Your task is to transcribe, word for word, the line containing "Niebieskie Igrzyska - kolaż zdjęć" and all lines that follow it to the end of the entries. Leave out the pictures.

◇ ◇ ◇ ◇

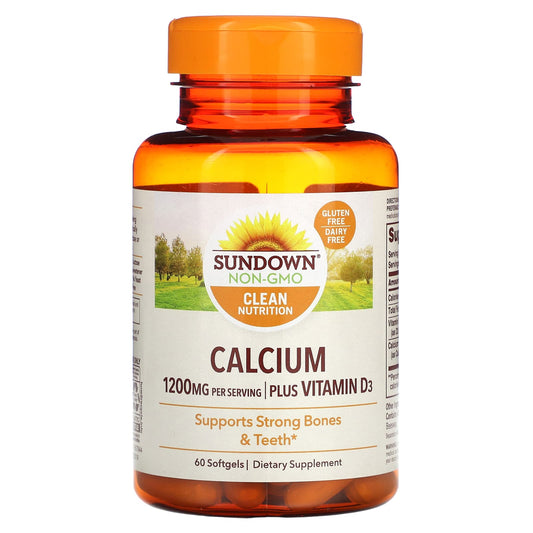 SUNDOWN Calcium + Vitamin D3 (1200 mg) 60 Softgels
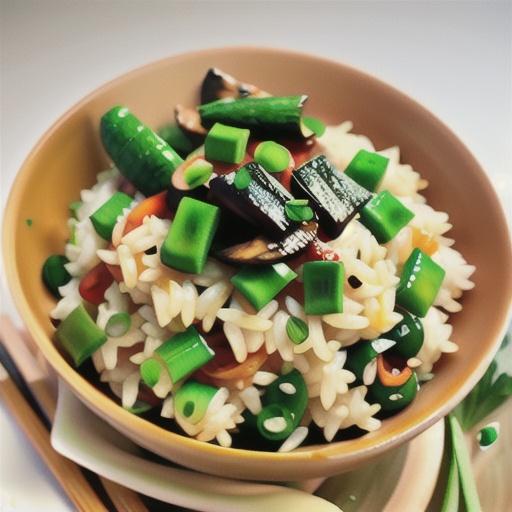 Fried Rice with Cilantro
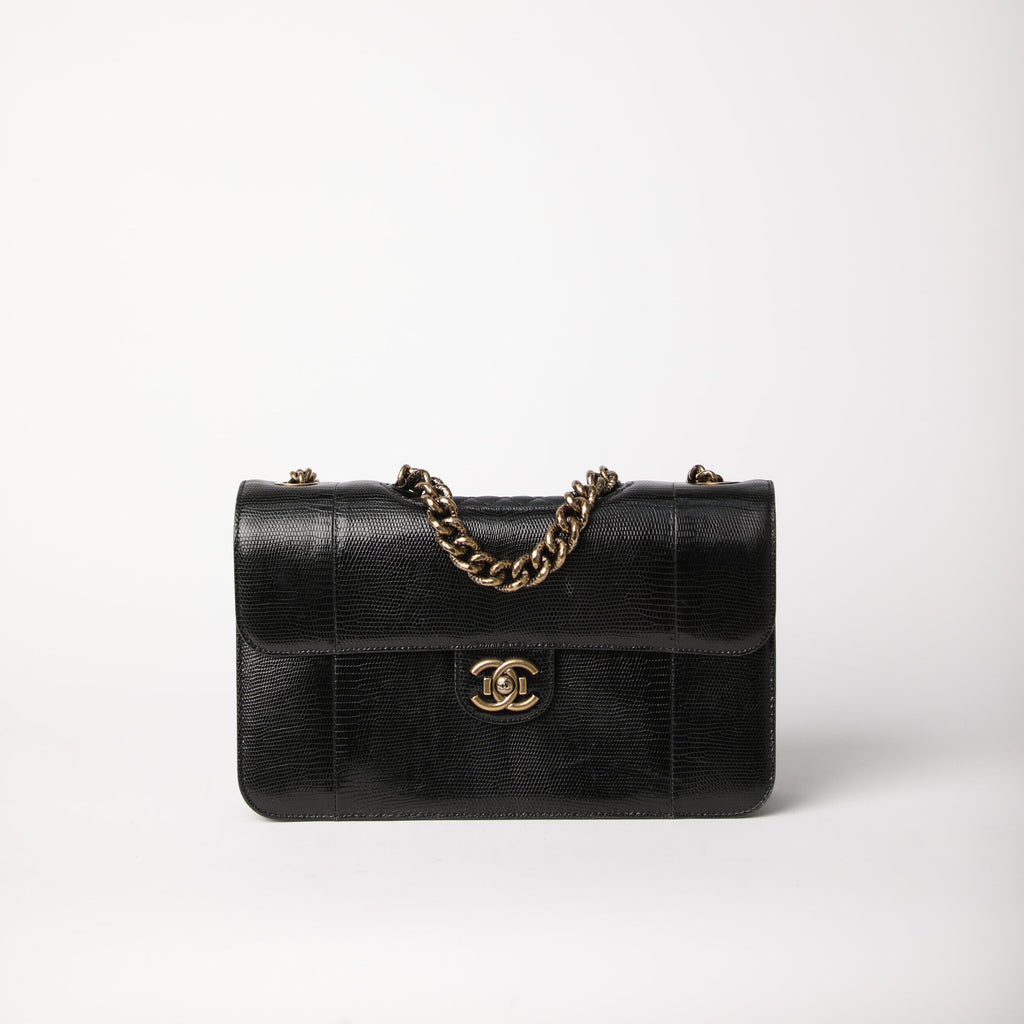 Chanel Paris CC 2005 Black Calfskin Quilted Leather Expandable PNY Max
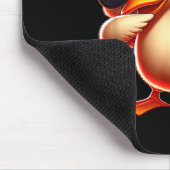 Cute Funny Cool Duck Dabbing Heart Valentines Day  Muismat (Hoek)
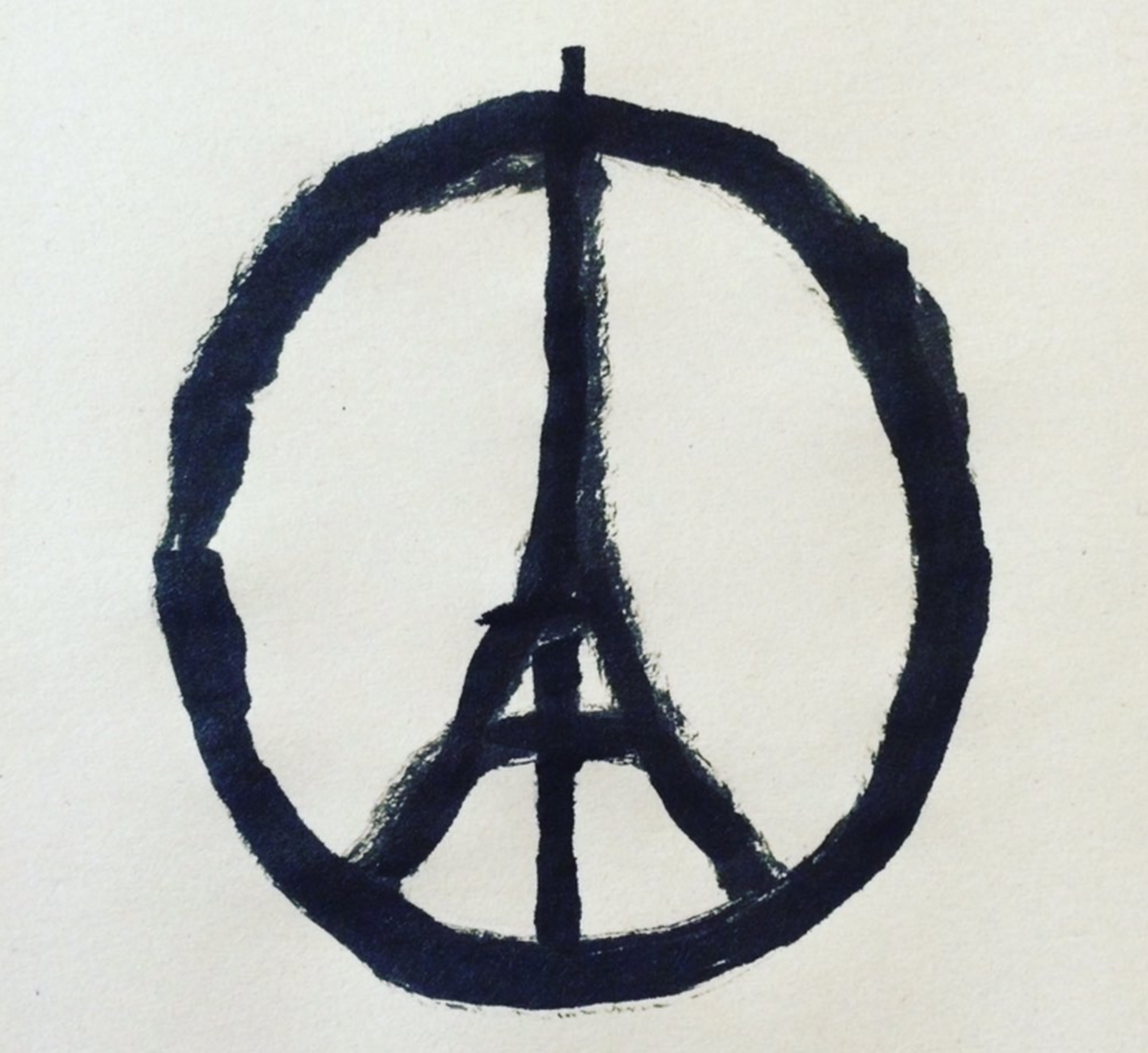 Der Peace-Eiffelturm von Jean Jullien.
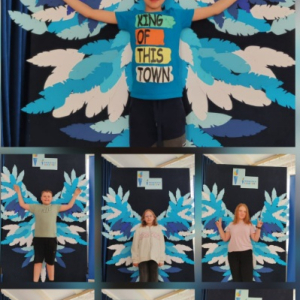 Niebieskie Igrzyska - kolaż zdjęć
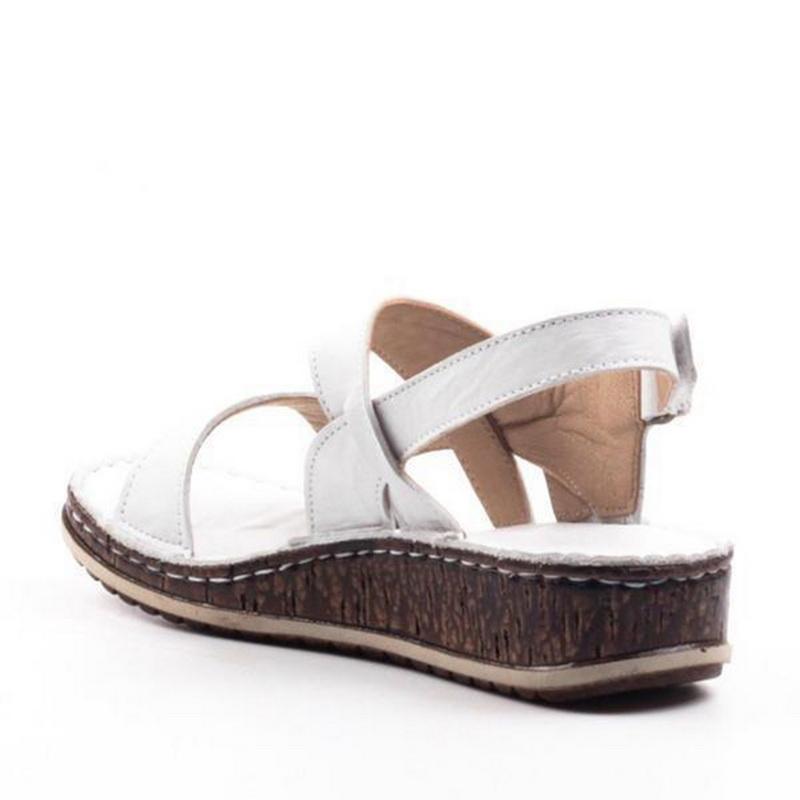 "Women's orthopedic summer sandals with adjustable straps, open-toe design, ergonomic footbed, and slip-resistant sole."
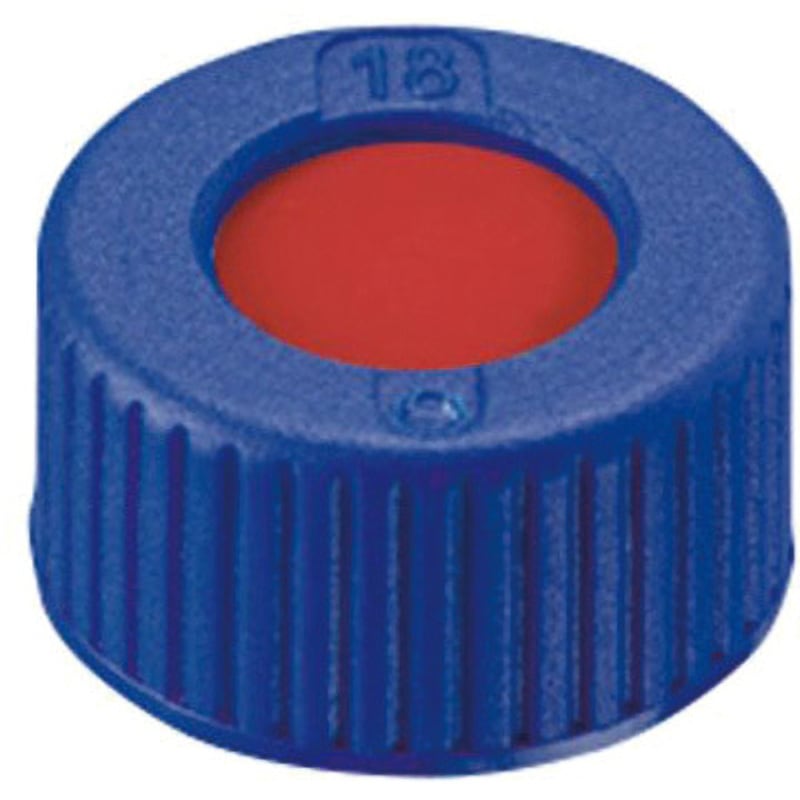 オートサンプラー用バイアルキャップ キャップ規格9-425用 100個入 青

◇ ◇ ◇ ◇

**Exercise answer**.
 Niebieskie Igrzyska - kolaż zdjęć
 "Women's orthopedic summer sandals with adjustable straps, open-toe design, ergonomic footbed, and slip-resistant sole."
 オートサンプラー用バイアルキャップ キャップ規格9-425用 100個入 青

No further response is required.